* WHAT THIS TASK INVOLVES
Apart from the pictures, every record here must be copied word for word.

* THE DATA
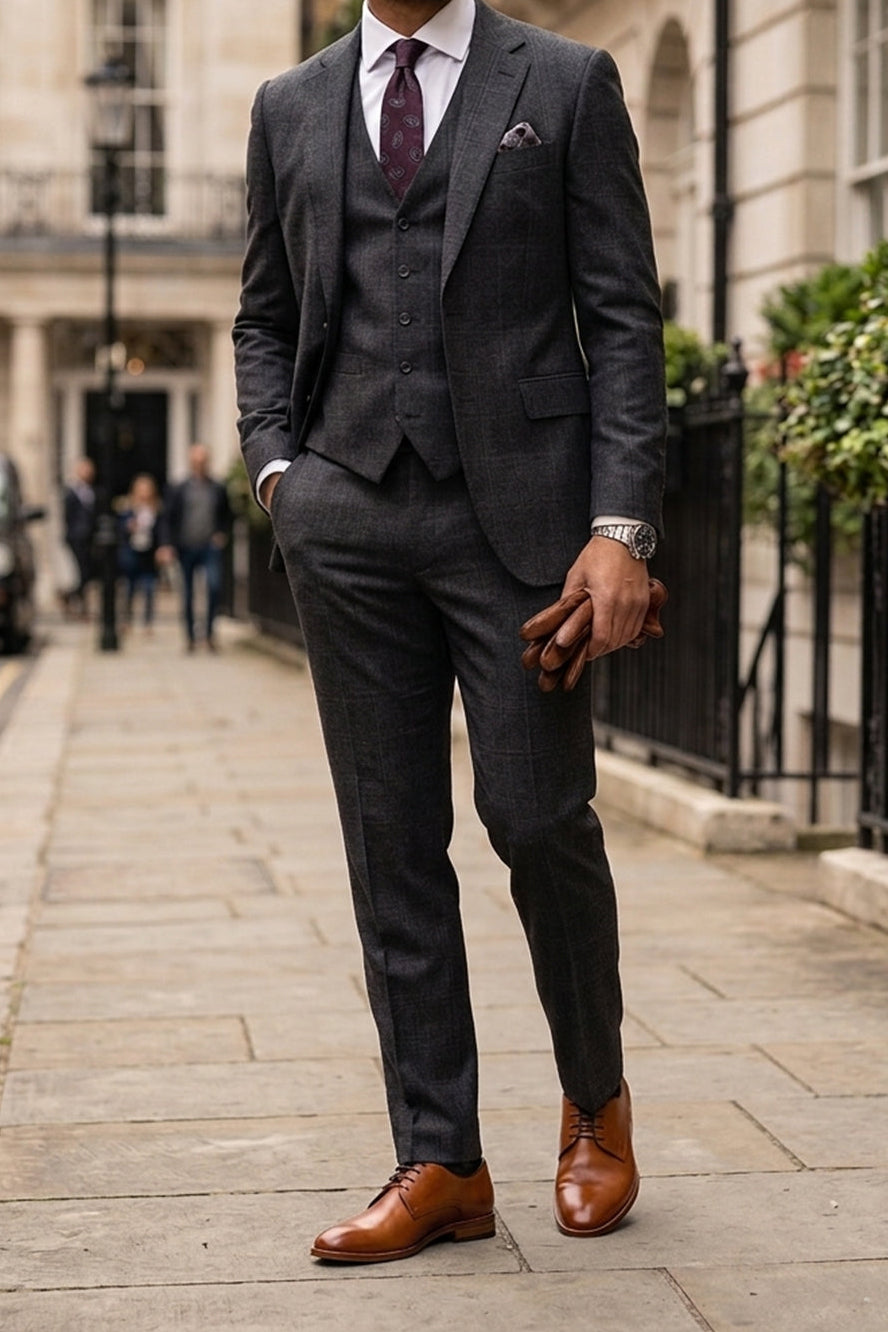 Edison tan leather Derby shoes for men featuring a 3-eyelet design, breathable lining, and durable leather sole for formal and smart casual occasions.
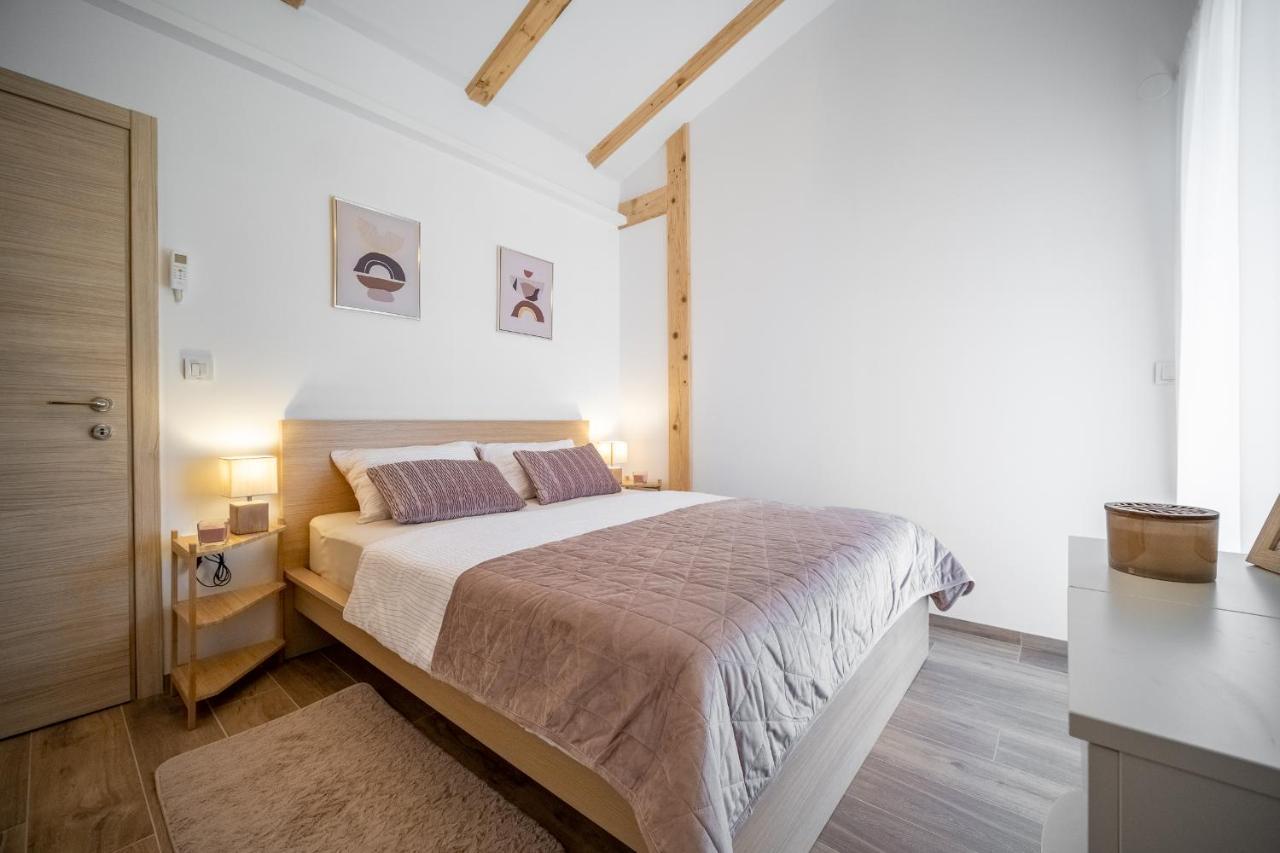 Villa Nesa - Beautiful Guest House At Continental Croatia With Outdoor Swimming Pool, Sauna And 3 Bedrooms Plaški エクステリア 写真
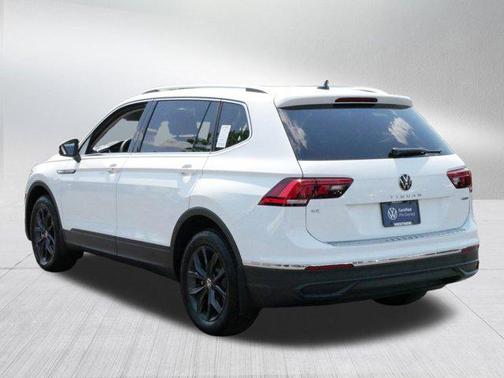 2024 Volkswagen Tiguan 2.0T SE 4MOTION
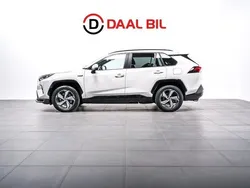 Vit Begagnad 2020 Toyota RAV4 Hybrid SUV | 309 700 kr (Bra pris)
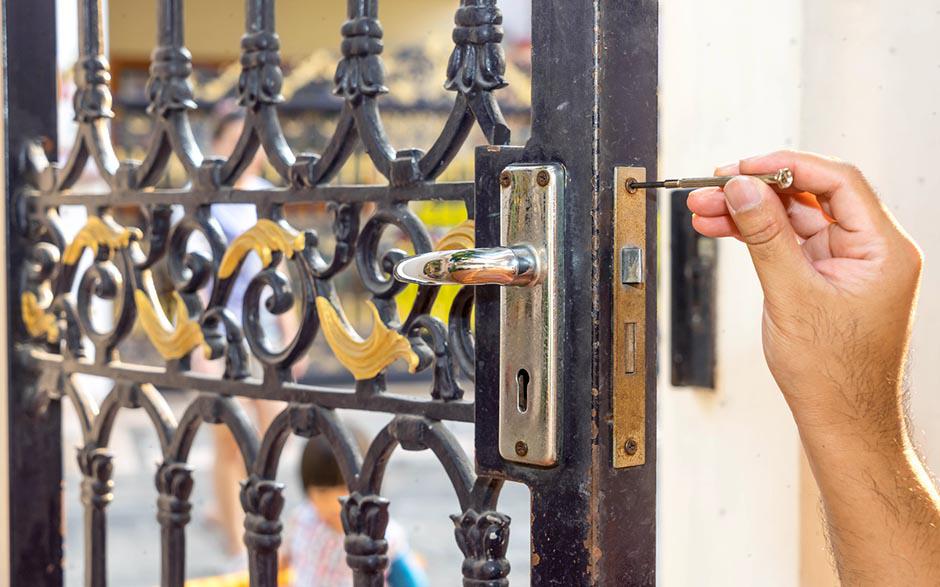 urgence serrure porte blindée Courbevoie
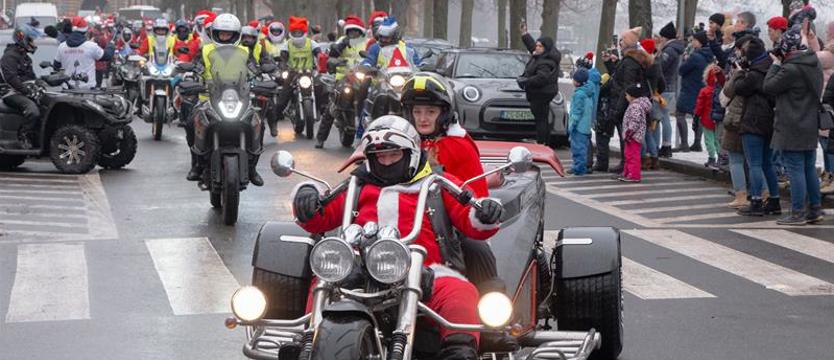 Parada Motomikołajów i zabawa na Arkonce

* EXERCISE ANSWER
 Edison tan leather Derby shoes for men featuring a 3-eyelet design, breathable lining, and durable leather sole for formal and smart casual occasions.
 Villa Nesa - Beautiful Guest House At Continental Croatia With Outdoor Swimming Pool, Sauna And 3 Bedrooms Plaški エクステリア 写真
 2024 Volkswagen Tiguan 2.0T SE 4MOTION
 Vit Begagnad 2020 Toyota RAV4 Hybrid SUV | 309 700 kr (Bra pris)
 urgence serrure porte blindée Courbevoie
 Parada Motomikołajów i zabawa na Arkonce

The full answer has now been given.